Friday, May 04, 2007

Stinging Critique from an Emirati Professor



This Gulf News article came out over a month and a half ago but I clipped it and have been eager to comment on it. It's an amazing article given the historical lack of freedom of the press and public criticism of the government here. Much progress has been made and perhaps this published interview is evidence despite his pessimism.

The professor, Dr. Jamal Al Suwaidi, is a Political Science teacher at UAE University in Al Ain and he got his PhD at the University of Wisconsin. Here are just a few of the excerpts from his interview.

On the first democratic elections of the Federal National Council in Abu Dhabi in December...

"...a setback... it showed a clear tendency toward tribalism. If the election process is to be expanded, it will become even more tribal and will take the UAE back at least 50 years"


On the recently formed Human Rights Society...

"It has done nothing since it's creation last year. It is just a name, a banner."

On the state of the media in the UAE...

"It suffers from self-censorship. Everybody talks about the freedom of expression but they never excercise it."


On the education system in the UAE...

"Our education system is a failure... The Ministry of Education talks too much but does nothing."
(ouch!)

On the percentage of expatriates in the UAE...

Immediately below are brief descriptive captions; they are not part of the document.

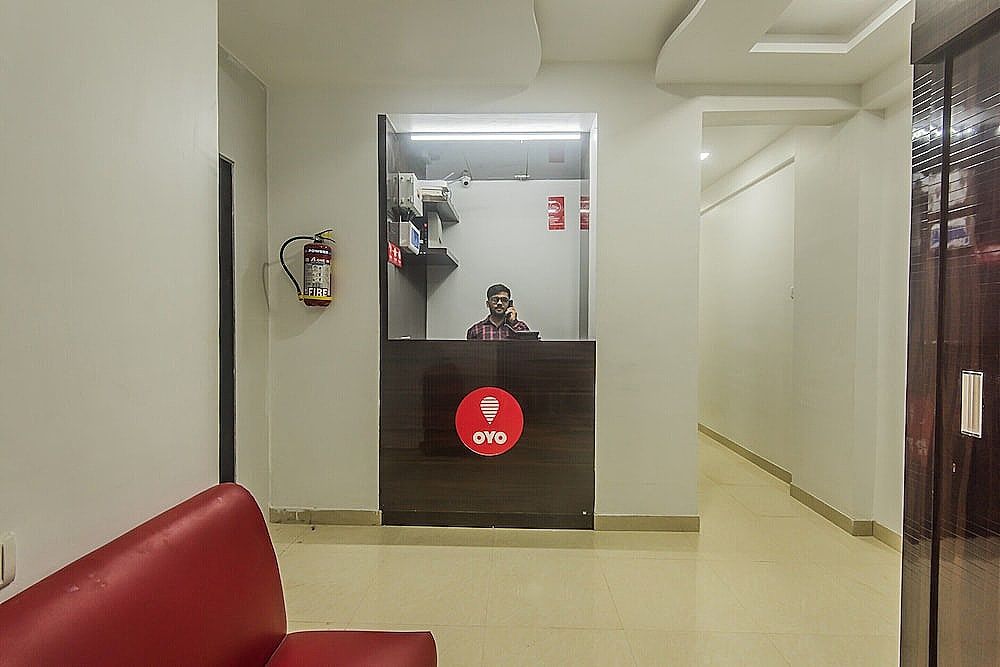 undefined Hotel O Palace Inn Near Don Bosco (Borivali) Metro Station 2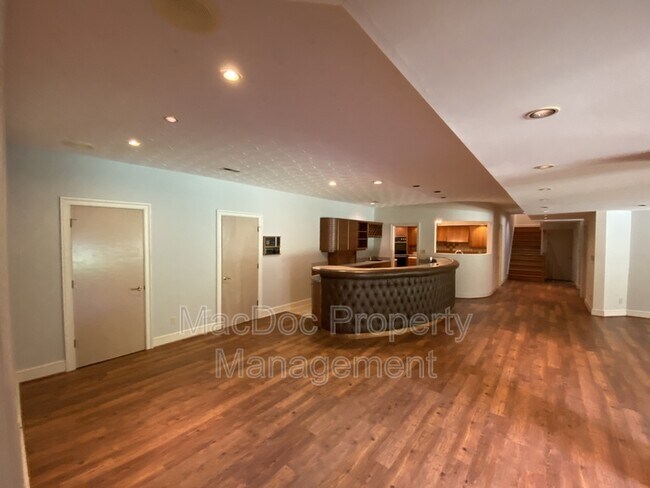 Building Photo - 11225 N Club Dr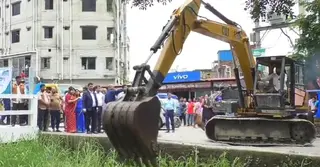 জলাবদ্ধতা নিরসনে নারায়ণগঞ্জে খাল পরিষ্কার কর্মসূচির উদ্বোধন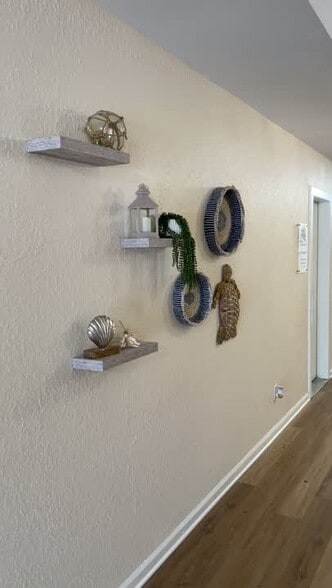 910 S 8th St, Fernandina Beach, FL for lease - Commercial Listing Video - Image 2 of 35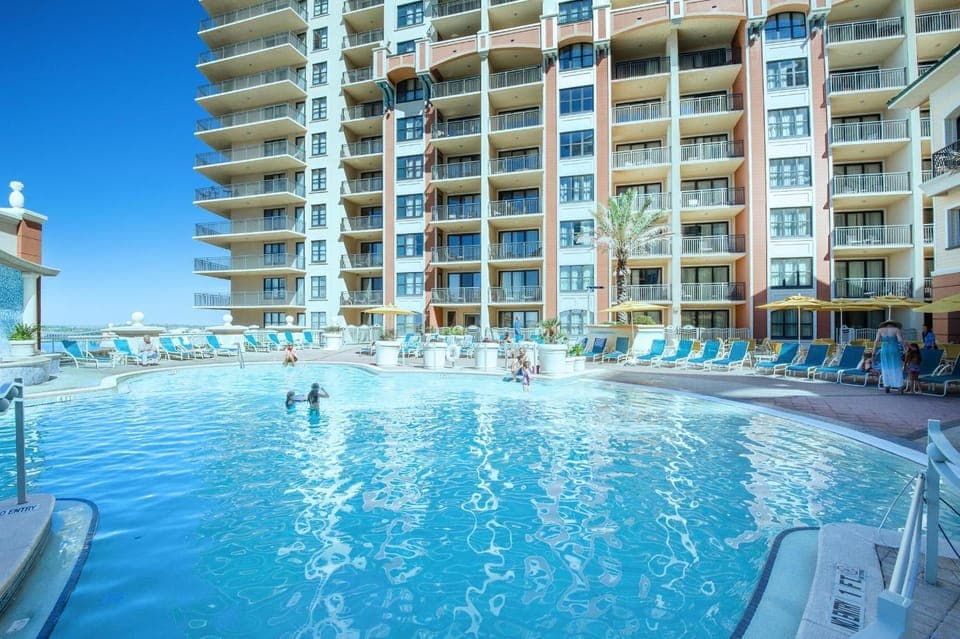 Emerald Grande W222- Rexford's BEACH Retreat House in Okaloosa Island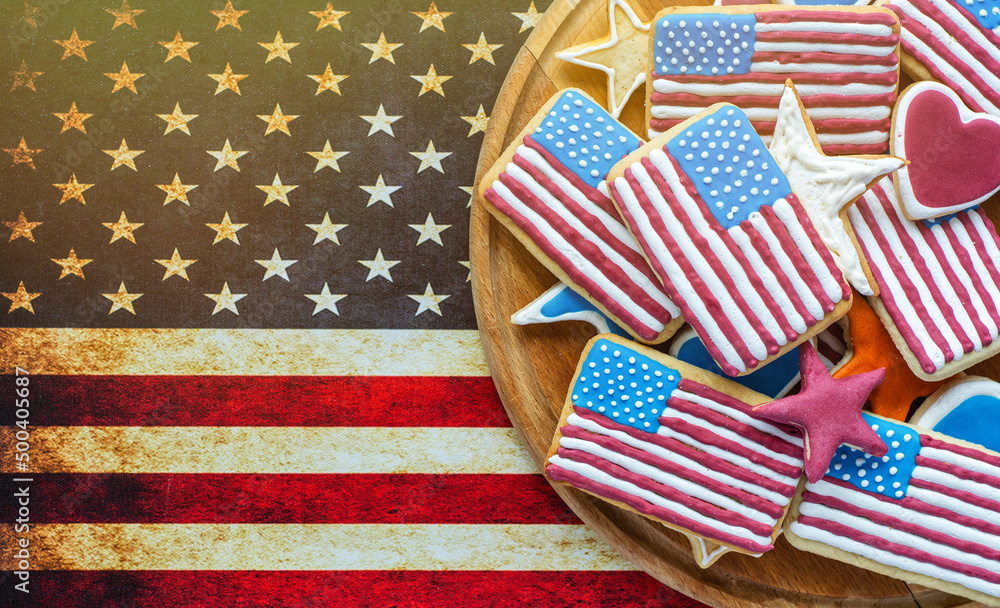Obraz premium home baking cookies icing like american flag. patriotic background for US national holidays, happy Memorial Day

"foreigners now constitute almost 90% of the population" (this is in contrast to official government numbers which state that expats are 79%)


It's a fascinating article and you should read all that he says. I'd love to talk to him over coffee one day!

For his quotes on radical Islam in the UAE click below.


On Islamism in the UAE...

"the (Muslim) Brotherhood has a following... but they have yet to interfere in state policies. (But) they surely have a local leadership in this country, carry public activities and have their own institutions."


On Islamism and democracy...

"Religious currents like the (Muslim) Brotherhood carries a message that enjoys sympathy of the majority in the Arab world. But if they grabbed power they would send everybody to the gallows."


On the Middle Eastern governmental dilemma...

"Today we are stuck between two extremes: authoritarian regimes on the one hand and the Islamist totalitarian opposition."